In an announcement of the sentencing Monday, the office of the U.S. Attorney for Central California described the actions of Emmit Marshall as a “sophisticated scheme.” It went on for roughly four years.
Marshall pleaded guilty last year to five counts of wire fraud.
Sentencing was delayed for several reasons, including Marshall’s cooperation in the case against AST Vice President Robert Waggoner. Waggoner also ultimately pleaded guilty and faces sentencing next March.
In addition to the 48 months he was sentenced to, Marshall was ordered to pay $4.1 million in restitution.
Marshall is the owner of the Alliance School of Trucking in Chatsworth, California, about 35 miles northwest of downtown Los Angeles.
According to the U.S. attorney’s office, in a statement released last year at the time of Marshall’s guilty plea, Marshall and Waggoner “recruited eligible veterans to take trucking classes paid under the Post-0/11 GI Bill.” AST was certified to teach several classes including a 160-hour safety class and a 600-hour “Select Driver Development Program.”
The VA would pay their remittance directly to the school, as well as paying some level of housing allowances and supplies required by the school. “Marshall admitted that Waggoner and another individual recruited eligible veterans to enroll at AST by telling the veterans they could collect housing and other fees from the VA without attending the programs,” the US. attorney’s office said last year in describing the scheme.
The two men created fake enrollment certifications for these veterans who had been recruited with no intention of actually attending any classes. They also created files for the students with “bogus documents.” The original indictment, filed back in 2015, says Marshall and Waggoner instructed the veterans, if asked, to tell auditors that they did attend class when in fact they had not.
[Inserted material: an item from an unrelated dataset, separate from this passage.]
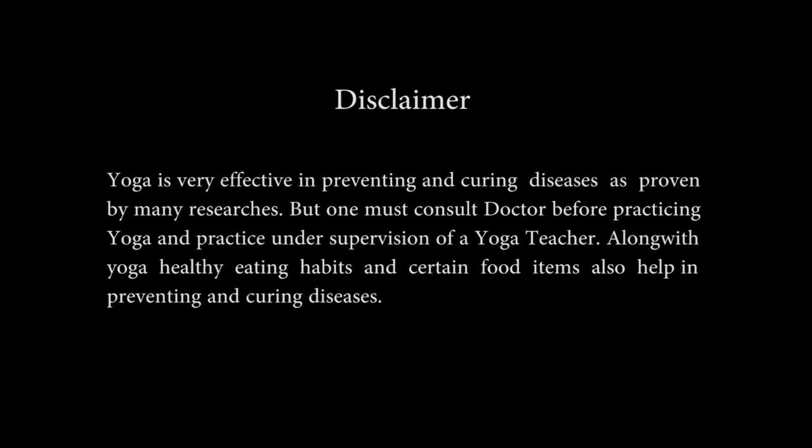Yoga is very effective in preventing and curing diseases, as proven by many researchers. But one must consult a doctor before practicing yoga and practice under supervision of a yoga teacher. Along with yoga, healthy eating habits and certain food items also help in preventing and curing diseases.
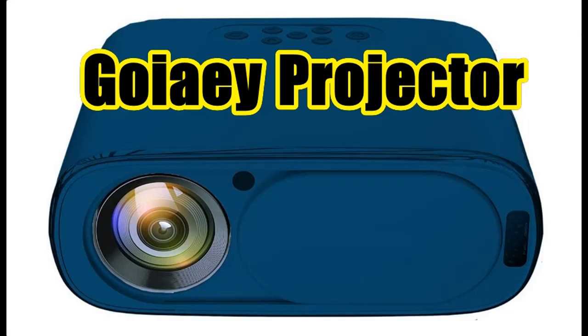Why you choose Goya E Outdoor Portable Bluetooth Projector, Native 1080p Video Projector? Next, we introduce some reasons why you should choose.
The amounts in question ran into the millions. Between the end of 2011 and April 2015, the VA paid approximately $4.2 million in various fees to AST.
The U.S. attorney quoted the prosecutors’ sentencing memorandum about what became of the funds. “[Marshall] profited most from this conduct, pocketing nearly $1 million himself, which he used for jewelry, a cruise, a trip to Hawaii, property taxes on his Woodland Hills residence, purchase of a Ford F-150 and purchase of semi-tractor trailers for a new business,” they wrote.